# Next "WhiTTe Rose" Yorkshire Meet - 25th April (Xscape)



## Darthhawkeye (Aug 2, 2010)

Please note, this meeting is now at Xscape Castleford (edge of main car park - near KFC roundabout)

Usual time 7:30

New members VERY welcome!

Hope everyone is hungry as we are looking at going for a SUPER STEAK









Just please post on here in next 24hrs if you are coming and if you are bringing a +1 (as we need to book a table)

Defo
Darthhawkeye
Phil3012
TondyTT + 1
Atom1
Holla_j
SVStu
TootRS


----------



## phil3012 (Jul 25, 2008)

I should be able to make this one hopefully.


----------



## TondyRSuzuka (Dec 3, 2011)

I'll be there, sunshine n' all 

Might have a GoPro then too so will get some nice shots of the drive


----------



## Atom1 (Jan 21, 2013)

Yes please, count me in .


----------



## holla_j (Jan 1, 2012)

I'm in


----------



## TondyRSuzuka (Dec 3, 2011)

I think TootRS, Richard (R8) are coming, JamieKip has made noises if he is free...

I wonder if we could make 10 this time? Where are we eating?


----------



## SVStu (Dec 11, 2006)

As spring has sprung I should be along to this one.

How come I missed the biggest piece of dead animal in the world evening, you must have gone thro a whole cow each!

See you soon Stu.


----------



## TondyRSuzuka (Dec 3, 2011)

SVStu said:


> As spring has sprung I should be along to this one.
> 
> How come I missed the biggest piece of dead animal in the world evening, you must have gone thro a whole cow each!
> 
> See you soon Stu.


Dont worry im sure we will go back again, probably a bigger turn out next time, so will have to order 2 cows :lol:

Go my GoPro yesterday, so will be testing it out.
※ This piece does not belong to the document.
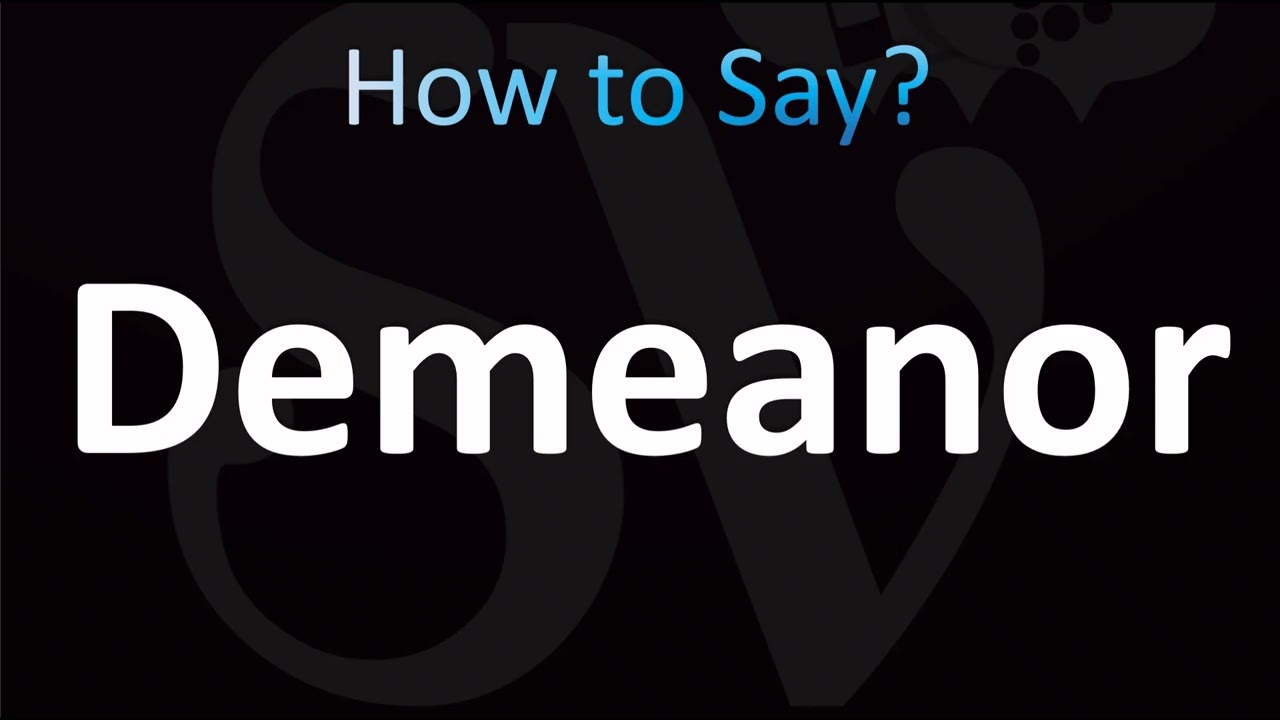 How to Pronounce Demeanor (CORRECTLY!)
Hopefully have a good cruise out.


----------



## TootRS (Apr 21, 2009)

Right guys, Brad and myself are probably going to an open pit lane at Cadwell that day, it might be a better idea in that case if we postpone the hudds cruise until May (lighter evenings better for this anyway as I have a great photo spot in mind), and go somewhere a bit closer to the usual territory.

Is this ok with everyone?


----------



## phil3012 (Jul 25, 2008)

Fine with me, still juggling works diaries at the moment though, but hope to make it.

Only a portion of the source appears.